—Su novela es impactante—le dijo el editor—, sin embargo, tengo que
confesarle que no la podremos editar mientras no le haga los cambios
necesarios.
—¿Qué cambios? —preguntó con sorpresa el escritor.
—Mire, amigo. Entiendo que ha trabajado mucho en este libro. Las
referencias históricas son exactas, incluso reveladoras, además ha logrado
presentar al personaje tan real que nos hemos quedado con la boca abierta. Nos
pusimos en contacto con algunos historiadores y todos han llegado a la
conclusión de que, lo propuesto por usted, es asombrosamente factible. Con
respecto a los acontecimientos, todo está en orden. Los aspectos sociales, por
el contrario, son el talón de Aquiles de la obra. Ya sabe que han cambiado los
criterios y si quiere publicar tendrá que incluir, de la forma en que considere
más apropiada, la participación de una lesbiana, un gay, un bisexual, un
transexual, un intersexual, un queer y un sex-androide.
Con la cara descompuesta el escritor miró las enormes gafas de su
interlocutor y sintió ganas de rompérselas, pero se contuvo apretándose las
rodillas.
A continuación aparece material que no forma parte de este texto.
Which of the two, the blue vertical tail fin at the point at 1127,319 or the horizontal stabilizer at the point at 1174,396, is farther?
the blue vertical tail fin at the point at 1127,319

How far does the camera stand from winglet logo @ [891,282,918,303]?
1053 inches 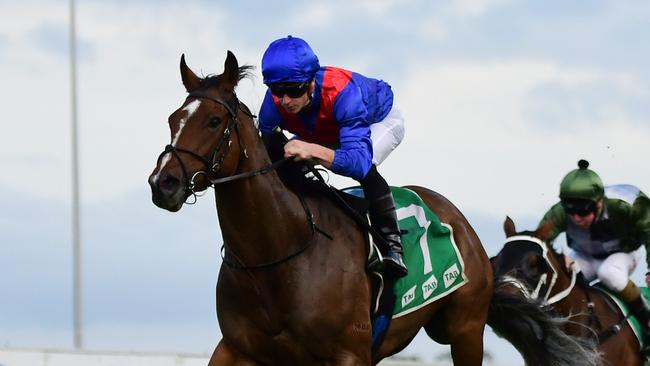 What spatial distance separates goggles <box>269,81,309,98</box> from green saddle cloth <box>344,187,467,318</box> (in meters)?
0.83

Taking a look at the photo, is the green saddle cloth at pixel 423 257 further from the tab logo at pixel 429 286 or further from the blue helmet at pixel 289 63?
the blue helmet at pixel 289 63

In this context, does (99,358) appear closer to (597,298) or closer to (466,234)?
(466,234)

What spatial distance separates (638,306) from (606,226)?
564 millimetres

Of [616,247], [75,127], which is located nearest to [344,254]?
[616,247]

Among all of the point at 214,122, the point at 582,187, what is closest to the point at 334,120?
the point at 214,122

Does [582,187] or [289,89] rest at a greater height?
[289,89]

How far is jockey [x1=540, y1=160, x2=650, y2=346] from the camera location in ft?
28.1

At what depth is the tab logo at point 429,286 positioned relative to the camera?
665 cm

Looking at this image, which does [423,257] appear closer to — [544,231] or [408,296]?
[408,296]

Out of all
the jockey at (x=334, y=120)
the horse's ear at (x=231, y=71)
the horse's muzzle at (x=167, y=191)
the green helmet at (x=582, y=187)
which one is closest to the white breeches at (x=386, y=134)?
the jockey at (x=334, y=120)

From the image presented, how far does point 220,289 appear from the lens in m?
6.06

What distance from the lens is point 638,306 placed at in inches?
348

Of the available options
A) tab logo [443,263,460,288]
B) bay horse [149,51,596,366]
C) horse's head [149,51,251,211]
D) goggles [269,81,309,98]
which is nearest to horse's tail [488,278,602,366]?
tab logo [443,263,460,288]

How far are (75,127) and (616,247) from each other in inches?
252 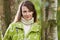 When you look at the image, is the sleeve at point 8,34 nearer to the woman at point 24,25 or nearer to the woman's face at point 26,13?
the woman at point 24,25

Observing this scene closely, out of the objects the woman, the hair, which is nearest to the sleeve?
the woman

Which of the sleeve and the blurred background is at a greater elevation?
the blurred background

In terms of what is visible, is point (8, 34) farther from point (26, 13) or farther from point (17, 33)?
point (26, 13)

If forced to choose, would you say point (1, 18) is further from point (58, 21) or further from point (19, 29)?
point (58, 21)

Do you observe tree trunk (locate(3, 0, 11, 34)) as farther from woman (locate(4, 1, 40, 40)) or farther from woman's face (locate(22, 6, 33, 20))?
woman's face (locate(22, 6, 33, 20))

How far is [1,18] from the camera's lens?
560 cm

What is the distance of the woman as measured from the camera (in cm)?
558

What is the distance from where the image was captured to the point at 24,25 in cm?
561

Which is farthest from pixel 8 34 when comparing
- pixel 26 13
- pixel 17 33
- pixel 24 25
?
pixel 26 13

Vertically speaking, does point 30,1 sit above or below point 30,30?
above

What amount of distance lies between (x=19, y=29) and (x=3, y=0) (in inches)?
17.0

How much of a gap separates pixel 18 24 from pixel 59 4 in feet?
1.97

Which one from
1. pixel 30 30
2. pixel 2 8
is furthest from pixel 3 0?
pixel 30 30

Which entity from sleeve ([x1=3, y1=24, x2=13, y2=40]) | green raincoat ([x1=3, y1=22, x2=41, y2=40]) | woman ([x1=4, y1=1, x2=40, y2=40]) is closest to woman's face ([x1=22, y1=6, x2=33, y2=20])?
woman ([x1=4, y1=1, x2=40, y2=40]) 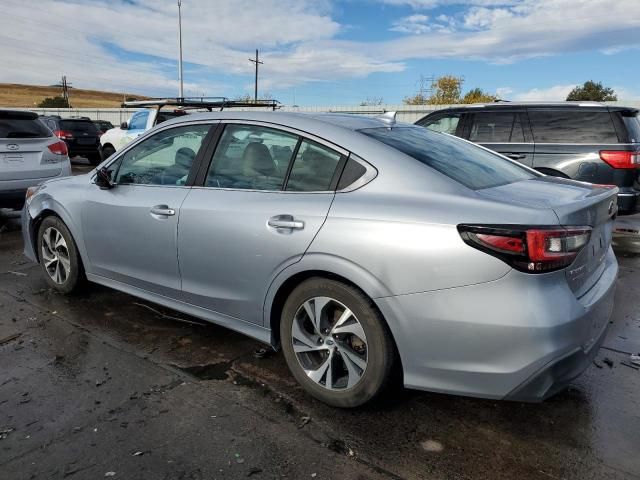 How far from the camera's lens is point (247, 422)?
106 inches

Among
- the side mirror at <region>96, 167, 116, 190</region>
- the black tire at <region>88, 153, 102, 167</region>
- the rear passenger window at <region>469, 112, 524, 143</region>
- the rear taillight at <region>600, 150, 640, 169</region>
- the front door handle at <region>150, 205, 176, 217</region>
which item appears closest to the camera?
the front door handle at <region>150, 205, 176, 217</region>

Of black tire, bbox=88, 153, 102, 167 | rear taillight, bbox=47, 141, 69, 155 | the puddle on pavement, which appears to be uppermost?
rear taillight, bbox=47, 141, 69, 155

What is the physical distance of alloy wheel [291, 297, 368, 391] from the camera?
2680mm

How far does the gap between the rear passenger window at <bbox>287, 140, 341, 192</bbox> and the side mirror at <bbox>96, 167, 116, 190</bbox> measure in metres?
1.72

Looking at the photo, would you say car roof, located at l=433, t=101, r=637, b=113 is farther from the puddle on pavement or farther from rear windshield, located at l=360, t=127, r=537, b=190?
the puddle on pavement

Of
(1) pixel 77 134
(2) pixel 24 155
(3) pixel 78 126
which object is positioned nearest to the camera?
(2) pixel 24 155

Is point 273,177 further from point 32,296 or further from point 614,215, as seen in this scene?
point 32,296

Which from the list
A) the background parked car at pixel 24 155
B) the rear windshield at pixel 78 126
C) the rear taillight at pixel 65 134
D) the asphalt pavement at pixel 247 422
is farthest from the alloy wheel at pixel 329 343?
the rear windshield at pixel 78 126

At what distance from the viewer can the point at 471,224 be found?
2287mm

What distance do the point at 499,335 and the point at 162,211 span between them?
2280mm

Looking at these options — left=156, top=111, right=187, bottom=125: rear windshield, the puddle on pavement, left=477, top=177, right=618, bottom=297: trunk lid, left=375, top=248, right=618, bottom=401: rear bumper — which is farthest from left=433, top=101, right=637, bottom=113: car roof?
left=156, top=111, right=187, bottom=125: rear windshield

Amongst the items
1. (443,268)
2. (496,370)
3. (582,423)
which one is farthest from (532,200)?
(582,423)

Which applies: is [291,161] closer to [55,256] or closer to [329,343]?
[329,343]

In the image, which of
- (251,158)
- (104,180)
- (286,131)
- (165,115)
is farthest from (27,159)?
(286,131) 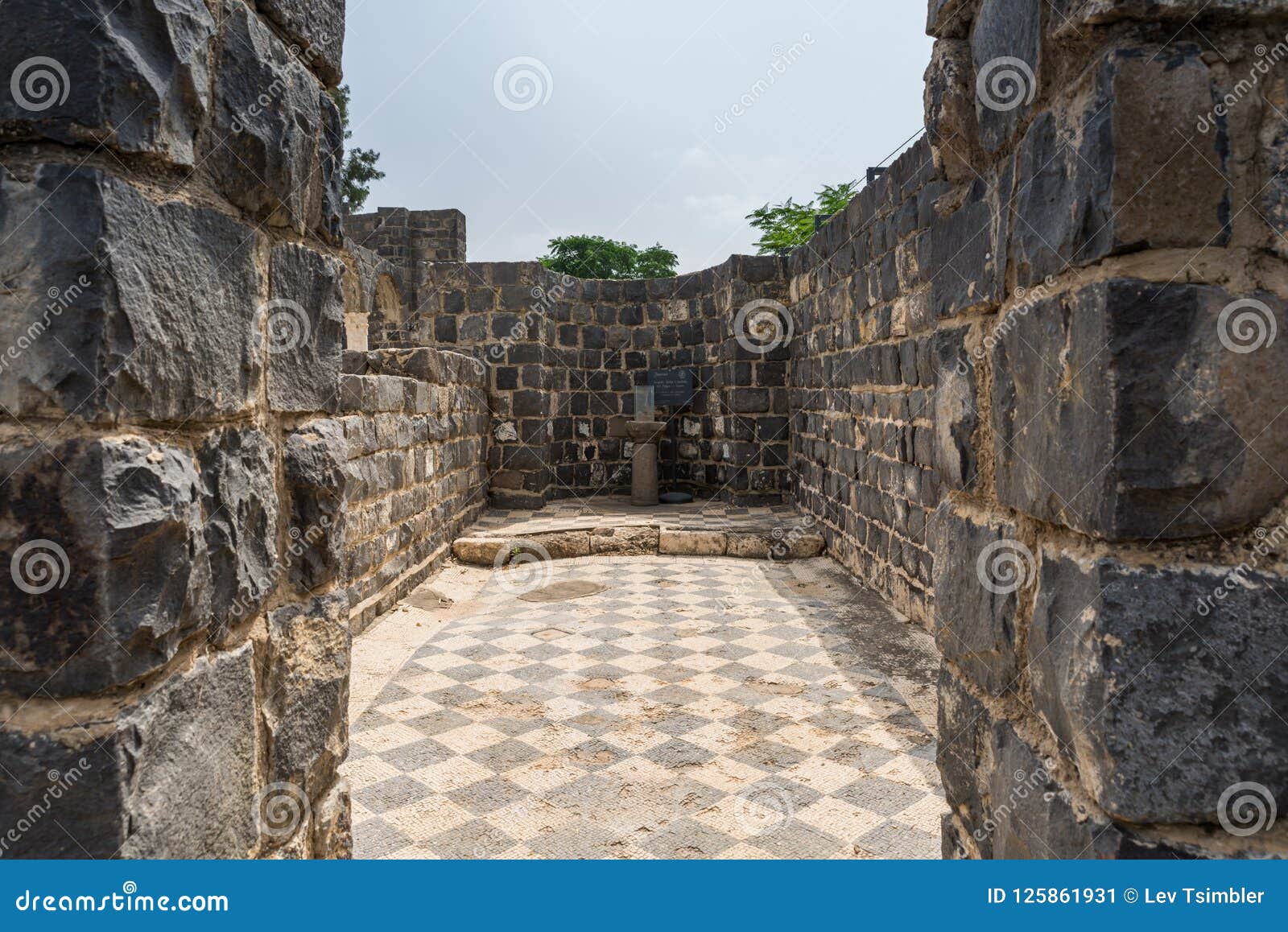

Respiró profundamente y bajó la mirada unos segundos.
—Mire, señor editor—dijo con voz contenida—, no puedo hacer eso. Sería una aberración
incluir a esos personajes porque no pintarían nada dentro de la trama. Sabe
bien que la orientación sexual que tuvieran los personajes es irrelevante. Me
ha costado mucho reconstruir las imágenes de la época y lo que me propone
estropearía todo el trabajo.
—Pues lo toma o lo deja—le contestó el editor poniéndole una cara de
indiferencia—. En último de los casos siempre tendrá la oportunidad de trabajar
con nosotros, piénseselo bien.
Diego se fue desilusionado. Salió del edificio y decidió dar un paseo para
ordenar sus pensamientos. No podía entender por qué la gente se empecinaba en
ver incluidos ideas y conceptos de la conducta social en todos lados. Ya no se
podía hablar sin lenguaje inclusivo, no se podía expresar el rechazo a ninguna
de las minorías y, lo peor, se satanizaba a las personas que tuvieran una
orientación tradicional. Lo veía en todos lados. Recordó la serie del famoso
asesino francotirador que había matado personajes famosos y que, a pesar de ser
un macho declarado, en el último capítulo se revelaba que era homosexual.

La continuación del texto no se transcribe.